The British-led Nekton scientific mission on Thursday completed a seven-week expedition in the Indian Ocean aimed at documenting changes beneath the waves that could affect billions of people in the surrounding region over the coming decades.

Little is known about the watery world below depths of 30 meters (yards), the limit to which a normal scuba diver can go. Operating down to 450 meters with manned submersibles and underwater drones off the island nation of the Seychelles, the scientists were the first to explore areas of great diversity where sunlight weakens and the deep ocean begins.

The oceans' role in regulating climate and the threats they face from global warming are underestimated by many. Scientific missions are crucial in taking stock of underwater ecosystems' health.

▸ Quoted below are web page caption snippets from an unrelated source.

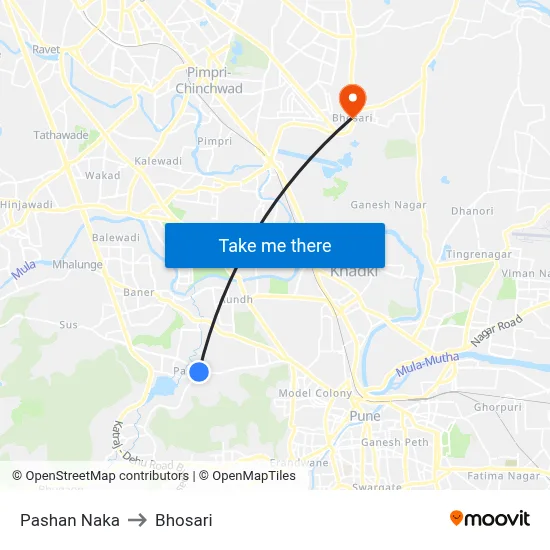 Pashan Naka to Bhosari map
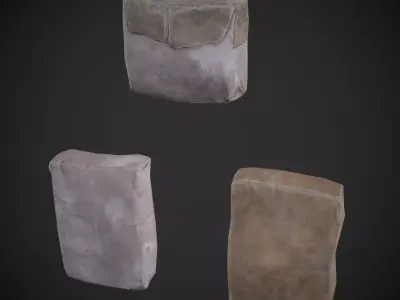 Set of Cement Bags Low-poly 3D model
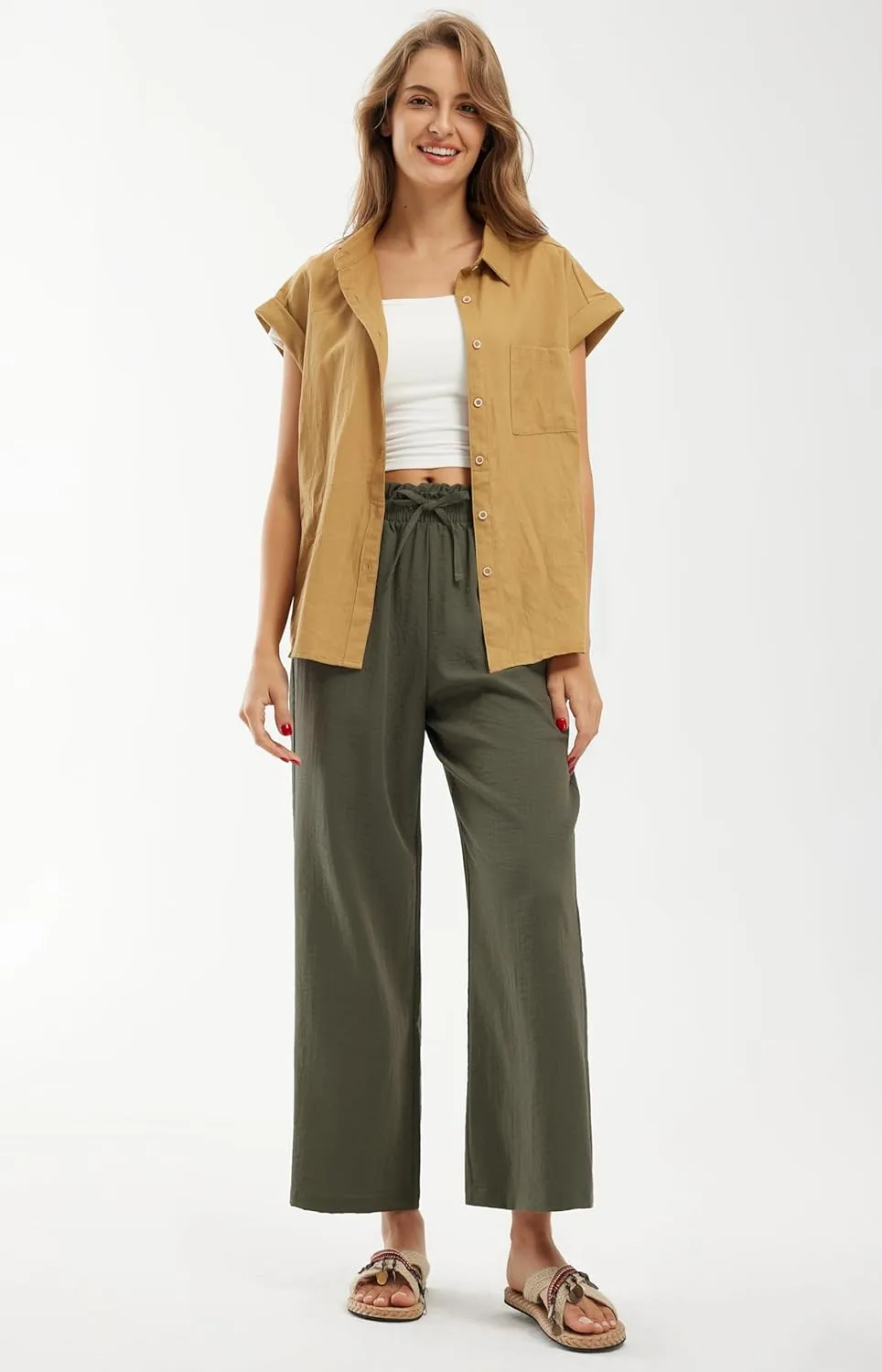 Libin Women's Imitation Linen Pants High Waist Wide Leg Casual Palazzo Pants Beach Cropped Trousers Summer Outfits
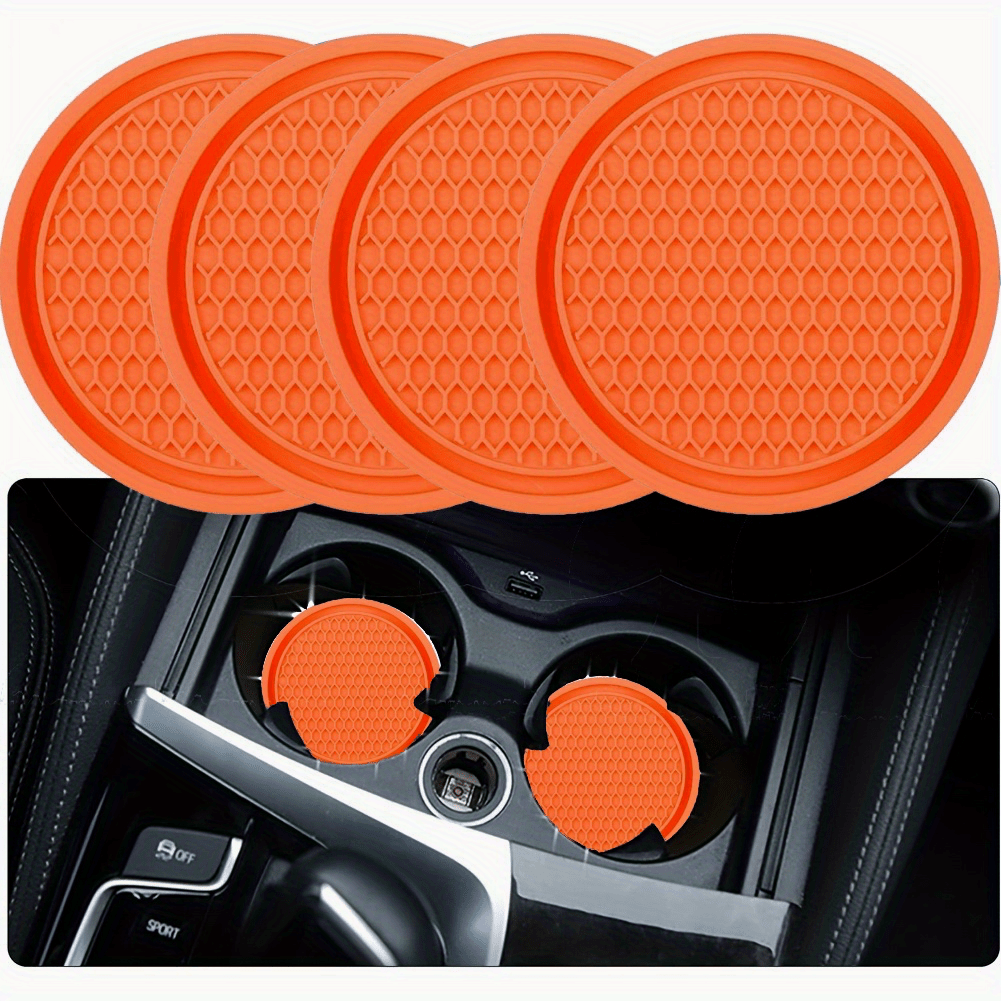 [Silicone Car Coaster] 4pcs ZukMi Car Cup Coaster, Silicone Anti-Slip Auto Car Cup Holder Insert Coasters, Universal Vehicle Interior Accessories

Principal scientist Lucy Woodall called the mission "massively successful," saying that members believe they have found evidence near several coral islands of a so-called rariphotic zone, or "twilight zone," located between 130 and 300 meters deep.

"The rariphotic zone has been shown in a number of papers in the Atlantic and Caribbean but has never previously been shown in the Indian Ocean," Woodall said, adding that months of analysis will be needed to confirm the discovery.

In this twilight zone that sunlight barely reaches, photosynthesis is no longer possible and species that cannot move toward the ocean's surface rely on particles falling from above for sustenance.

Woodall also said she was excited to see "vibrant" communities of fish during the mission.

"We're seeing schools of small fish — that middle of the food chain — but we're also seeing a large number of big predators — the sharks and all the other fish predators as well that are there. So this shows that protection works," she said.

With the expedition over, the long work of analysis begins. Researchers conducted over 300 deployments, collected around 1,300 samples and 20 terabytes of data and surveyed about 30 square kilometers (11.5 sq. miles) of seabed using high-resolution multi-beam sonar equipment.

Woodall estimated her team will need up to 18 months of lab work to process and make sense of the data gathered during the expedition.

The data will be used to help the Seychelles expand its policy of protecting almost a third of its national waters by 2020. The initiative is important for the country's "blue economy," an attempt to balance development needs with those of the environment.

On Sunday, President Danny Faure visited the Nekton team and delivered a striking speech broadcast live from deep below the ocean's surface, making a global plea for stronger protection of the "beating blue heart of our planet."

For Nekton mission director Oliver Steeds, Faure's visit was a win for the ocean.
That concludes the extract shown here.